Y aunque ya no está más la mítica Peña de los Copla, que durante años funcionó como el espacio alternativo por excelencia -de donde surgieron muchos de los que luego fueron "consagraciones" jóvenes y hoy son figuras instaladas-, los "himnos" de los Copla siguen funcionando como llaves inmediatas al canto y el baile colectivos, como quedó demostrado en una Plaza Próspero Molina que lució llena de gente atenta y festiva, con grupos de bailarines listos para las chacareras en cada pasillo y pañuelos alzados en cada zamba coreada a voz en cuello.  

El ballet de apertura, destacado.

Ahijuna con las Ribs

Aquí ahora frente a la Plaza hay una calle con carritos en los que se puede comprar "Big Chori", "Sangría Frozen" que sale de una melaza industrial (por lejos, el trago más vendedor del festival, a juzgar por los grandes vasos de la marca que pasean en sus manos transeúntes de todas las edades). Y hasta (¡vade retro, Atahualpa!) costillas de cerdo aderezadas que, como en TikTok, se llaman "Ribs" con barbacoa

Eso sí: Conviven en pocos metros con las filas humeantes de cabritos suspendidos en cruz junto a obscenos costillares pre Milei, con los carteles que ofrecen "Locro buenazo" y "Fernetazo a 8cho mil", con el cubanitero que se sigue paseando con su bandeja por los festivales, todo un perenne emprendedor analógico, vistiendo un elegante traje de colores llamativos cada noche. 

Unas cuadras más allá, algunas "confiterías" parecen haber quedado detenidas, con su mobiliario y las tipografías liberty de sus carteles, en los tiempos de la fundación de este festival, cuando las fuerzas vivas de Cosquín recurrieron al boom del folklore de la época como un modo de ahuyentar la fama de pueblo al que se venía a curar la tuberculosis, un gran estigma de la época. 

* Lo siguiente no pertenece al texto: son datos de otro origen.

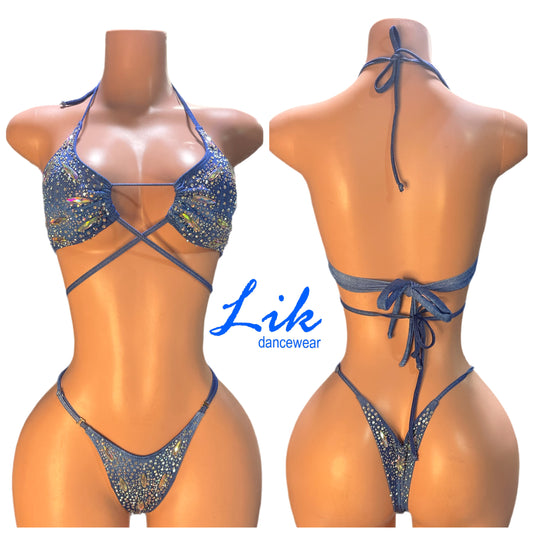 Glo rhinestone two piece thong set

Por fuera del acceso a la Próspero Molina (con precios de entradas que van desde los 14 mil pesos y buena concurrencia de gente), este año hay solo dos espacios en el circuito peñero: El Patio de la Pirincha (donde también ocurren presentaciones y eventos que se suman a los oficiales del Congreso de Cultura del festival) y La Salamanca. El alto costo de apertura para estos espacios (unos 25 millones de pesos de canon municipal más otro tanto de alquiler) jugó en contra de la pluralidad de otros años.

Revelaciones

La grilla de Cosquín se sigue pareciendo tanto a la de años anteriores, pero en el medio -en esto también continúa la tradición- siguen apareciendo revelaciones. La de la segunda luna fue sin dudas la del ganador del Pre Cosquín, Emanuel Ayala, oriundo de Choele Choel y radicado en Buenos Aires para formarse en instituciones públicas a las que agradeció, como la Escuela de Música Popular de Avellaneda. 

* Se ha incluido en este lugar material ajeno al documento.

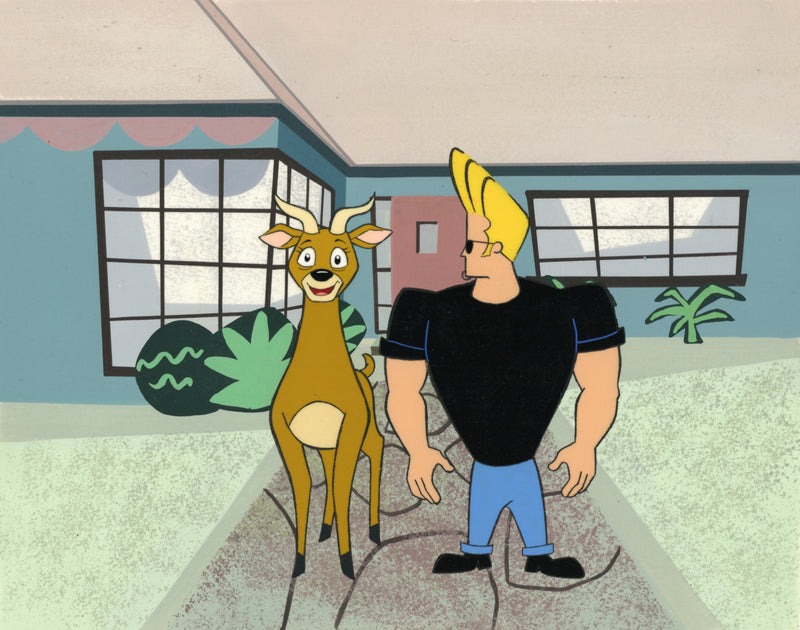 Johnny Bravo Original Production Cel on Original Background: Johnny and Carol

El joven que surgió del certamen previo que se organiza aquí como un modo de relevar cada año nuevos valores de todas las provincias (y que otorga como premio, justamente, el anhelado pase a este escenario mayor) sorprendió con su aplomo y su carisma, solo con su guitarra. Enseguida capturó a un público que lo escuchó con respeto y lo acompañó con entusiasmo, temas tras tema. 

Emanuel Ayala, surgido del Pre Cosquín.

Encendieron al público también artistas como Raly Barrionuevo y Paola Bernal. Y si a Bruno Arias le llegó en 2013 la "Consagración" aquí en Cosquín (el premio más importante para un artista de folklore), este año se impuso con otra celebración redonda: la de sus 20 años, ya, con la música. 

Con este título fue el encargado de darle el cierre a la segunda luna del festival. Fiel a su estilo, el jujeño lo hizo desplegando un festejo de marca propia que incluyó un nutrido ballet, una recreación de los paisajes de cardos gigantes de su tierra, una gigantesca bandera wiphala en el medio del escenario. 

Bruno Arias, fiesta en el cierre.

Desde este territorio Bruno Arias cantó y dijo. Y entre carnavalitos, sayas, tinkuys y la fiesta entre el público, los músicos y los bailarines, terminó su actuación al grito repetido de "¡La Patria no se vende!". Un canto disruptivo en un Cosquín que, pase lo que pase, conserva su propia versión de la realidad.